An indexed family {S_i : i ∈ I} associates each index i in set I with a set S_i. This formalism enables rigorous definition of generalized union ⋃_{i∈I} S_i and intersection ⋂_{i∈I} S_i, extending binary operations to arbitrary collections.
You already know what sets are and how subset relationships work: A ⊆ B means every element of A is also an element of B. You've worked with binary union A ∪ B and binary intersection A ∩ B. But mathematics constantly requires operating on *infinitely many* sets at once — the intersection of all open sets containing a point, the union of all sets in a collection indexed by the integers, or the product of a family of groups.

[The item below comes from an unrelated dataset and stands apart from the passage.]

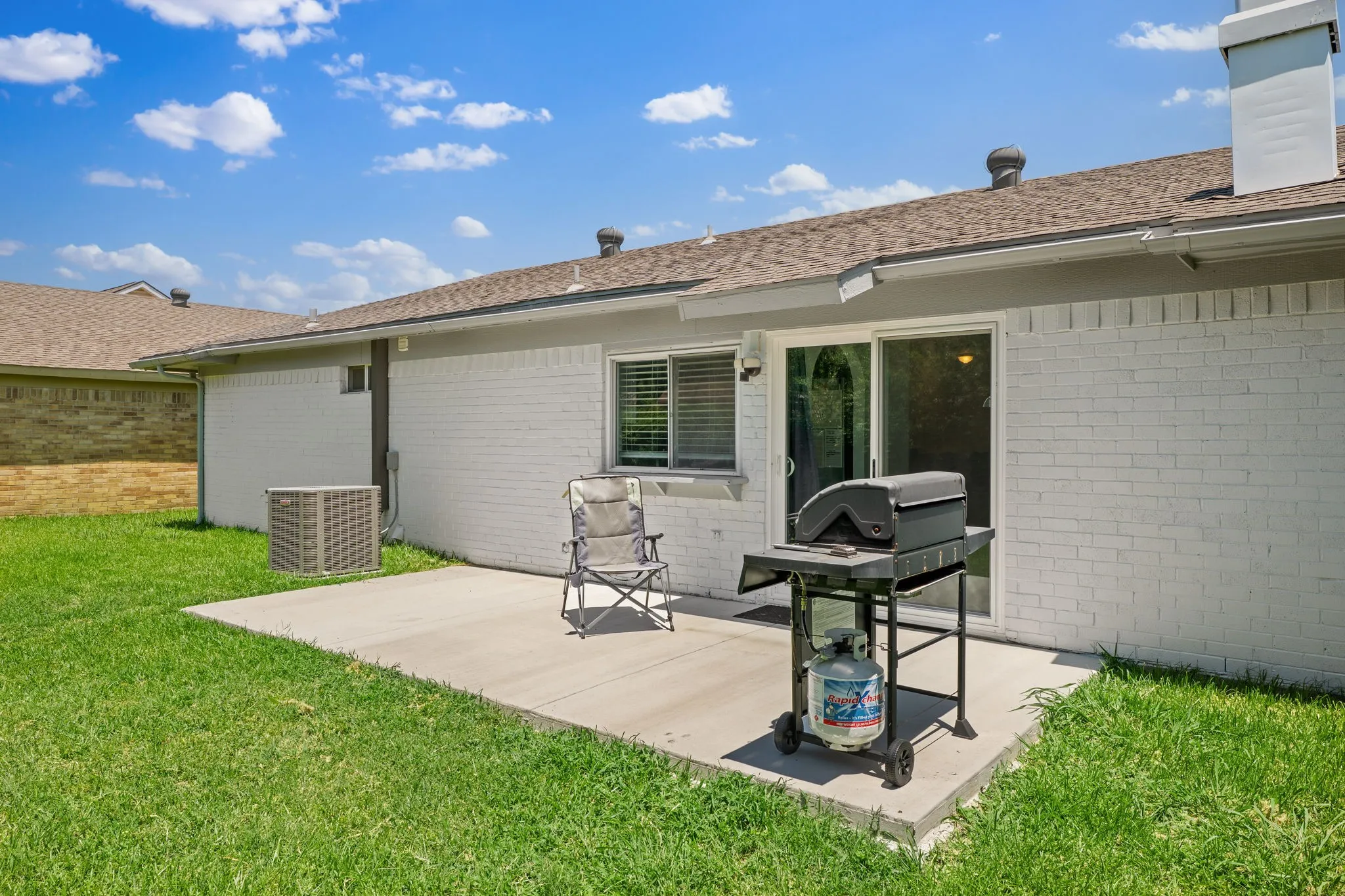 Single Family Residence For Sale in Denton County , 2314 Benbrook Drive, Carrollton, Texas 75007, 3 Bedroom, 2 Bathroom, 2 Garage spaces, 1,315 Sqft, built in 1978, Price $349,999, mls#21327364, Real Estate Agent in Carrollton, Homes For Sale in Denton county, Homes For Sale in Carrollton, Realtor in Carrollton Texas, Real Estate Brokerage Independent Realty Texas, Luminita Cordes Realtor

Indexed families provide the rigorous framework for making these operations precise.
An indexed family of sets is a function f: I → V where I is any set (the index set) and V is a collection of sets (or a universe). We write the family as {S_i : i ∈ I} or simply (S_i)_{i ∈ I}, where S_i = f(i) is the set assigned to index i. The index set I can be anything: {1, 2, 3} gives a finite family, ℕ gives a countably infinite family, ℝ gives an uncountably infinite family. The key point is that the index labels the sets without requiring the sets to be distinct — S_i and S_j can be equal for i ≠ j, and the indexing still makes sense.

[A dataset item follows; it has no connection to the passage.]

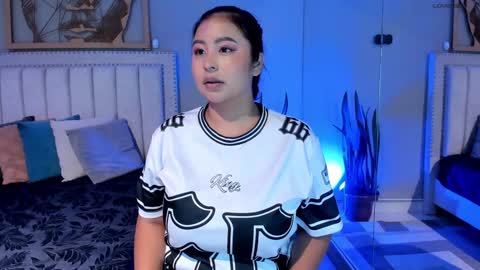     online show from February 6, 2025, 4:25 pm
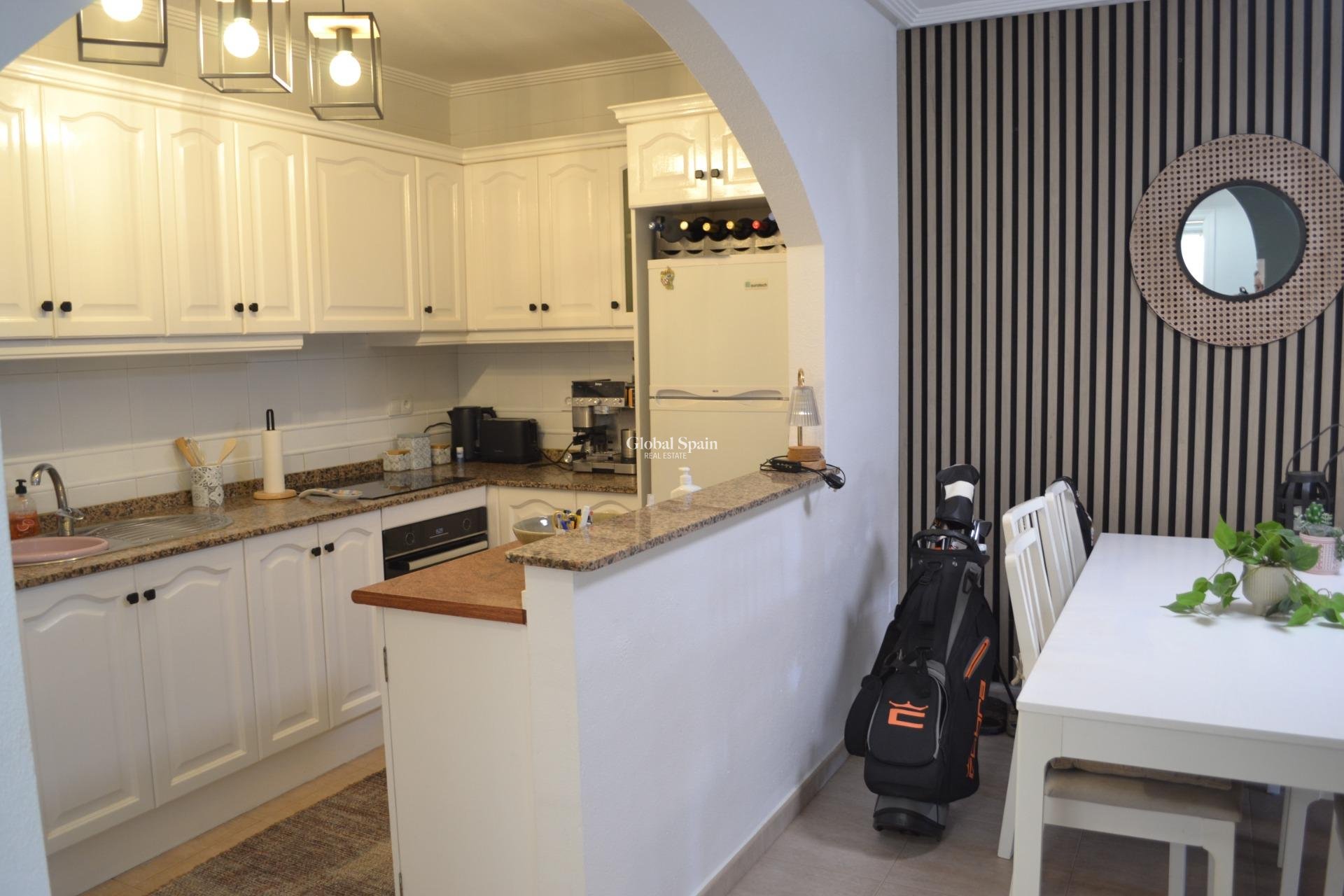 Wiederverkauf - WOHNUNG -
ORIHUELA COSTA - Las Filipinas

Generalized union ⋃_{i∈I} S_i is the set of all elements that belong to *at least one* S_i: x ∈ ⋃_{i∈I} S_i if and only if there exists some i ∈ I with x ∈ S_i. Generalized intersection ⋂_{i∈I} S_i is the set of all elements belonging to *every* S_i: x ∈ ⋂_{i∈I} S_i if and only if for all i ∈ I, x ∈ S_i. Both definitions generalize the binary operations directly — set I = {1, 2} and you recover the binary case. For a concrete example: let S_n = {n, n+1, n+2, ...} for n ∈ ℕ. Then ⋃_{n∈ℕ} S_n = ℕ (every natural number is in some S_n) and ⋂_{n∈ℕ} S_n = ∅ (no natural number is in every S_n, since n is not in S_{n+1}).
The importance of indexed families extends beyond the operations themselves. When you build functions, sequences, and products in later topics, you will rely on this framework. A sequence (a_n)_{n∈ℕ} is just an indexed family with index set ℕ. A Cartesian product ∏_{i∈I} S_i is the set of all functions f: I → ⋃ S_i such that f(i) ∈ S_i for each i — this is the rigorous definition of an arbitrary product, which collapses to S × T when I = {1, 2}. The indexed family is the organizational primitive that lets set theory scale from finite combinatorics to transfinite constructions.